Share your dilemmas and get honest opinions from other Mumsnetters.

To expect an invite for DD?

182 replies

Rainraingoawayagain · 16/08/2017 13:07

My DD7 has a best friend at school who lives relatively close by. I have had best friend over for tea several times and over to play,she's a lovely little girl and enjoys coming here.
Anyway.. on more than several occasions they will both run up to me (at the school run) and say they want to play today but it's ALWAYS at our house!
They will run up to the other mum (best friends mum) and ask and she says oh we will have to arrange for DD to come over but has NEVER followed through. I seen her at the shops the other day and she said "
my DD really misses your DD will have to get them together soon" I said yes absolutely I then receive a text saying what date And what time shall I drop DD to you ? Hmm I haven't replied as I really think it's rude not to return the invite! AIBU? Me and other mum get on absolutely fine always friendly etc. Can I also mention that my DD WAS NOT invited to her party a few weeks ago Confused my DD is very well mannered so I'm so confused as to why she's being treated this way.

OP posts:
AsleepAtMyDesk · 16/08/2017 13:48

Ooops - cross post.

PandorasXbox · 16/08/2017 13:50

Good call OP. Interested to see what she says now!
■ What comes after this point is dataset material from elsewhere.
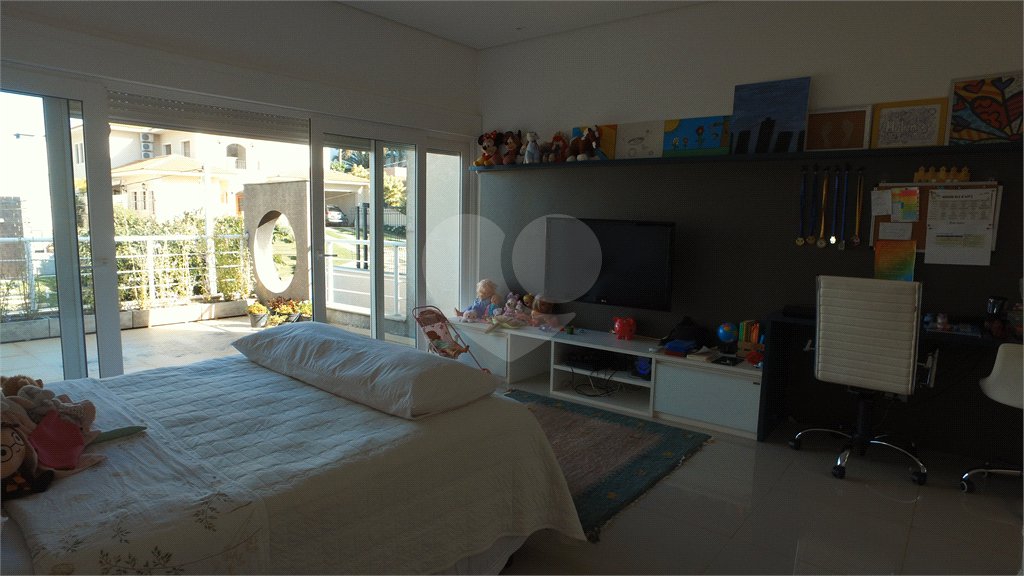 Casa à venda com 4 suítes no condomínio Figueira Gardn, Atibaia - SP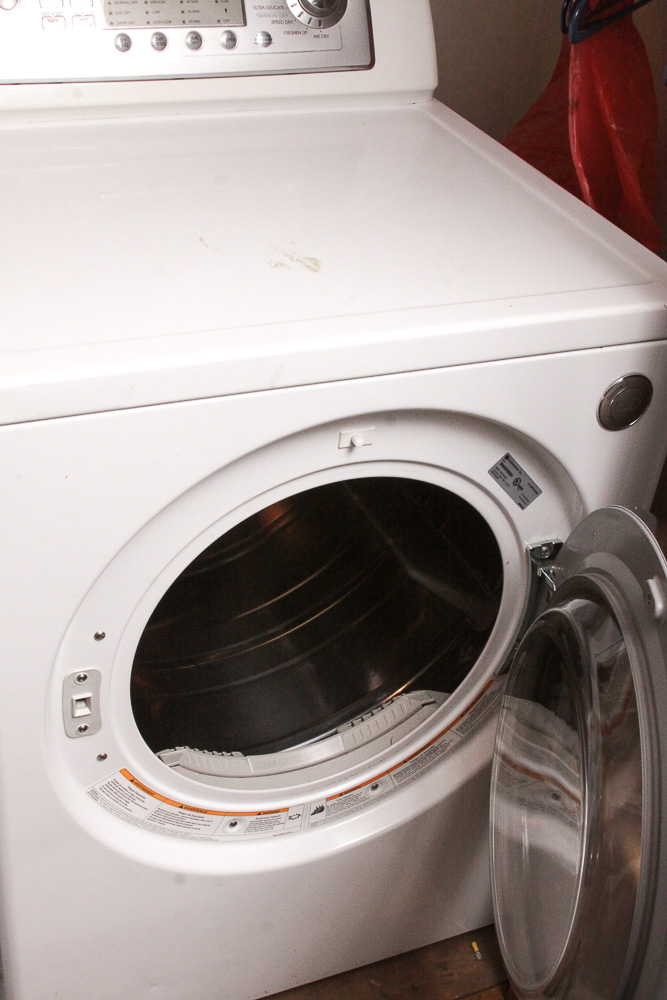 LG FrontLoading Washer and Dryer Set EBTH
BhajiAllTheWay · 16/08/2017 13:50

OP the party at hers is a one off. You providing free childcare is a regular thing though by the sound of it.Definately suggest a meet up at hers before inviting to yours again. Ive had a few of these and had to ditch them as like you it was always us hosting, collecting or dropping off...Confused

GreenTulips · 16/08/2017 13:50

My DD just assumed her BF would be at her party and didn't need an invite!! It happens! Child logic.

I'd have the girl over because the kids want to play and I don't worry about rerun invites unless they are cheeky about it

The morenkids you have the less this actually bothers you - no extra mess etc

Go with it - it's what your daughter wants

Miserylovescompany2 · 16/08/2017 13:50

I'd just text back - "what time should I drop dd off, I'll pack her swimwear just incase"

Rainraingoawayagain · 16/08/2017 13:51

I know it's hard because I love seeing my DD playing happily. Maybe I should just put up with it. But I did just text about her going over to play if she replies that she will arrange something then I think I know then that theres clearly an issue ( what the hell that is I have no idea) but like most have said it's not worth thinking about.

OP posts:
LoyaltyAndLobster · 16/08/2017 13:51

It might be a problem at home but worth testing it by asking, as the other posters have said

A problem at home doesn't justify why OP DD wasn't invited to the party, it is strange how they're best friends but she gets left out and other girls from school get invited, it is very unfair.

If I were in your position, the only communication both girls would be getting would be in school, I wouldn't be able to tolerate a mother like DDs friend.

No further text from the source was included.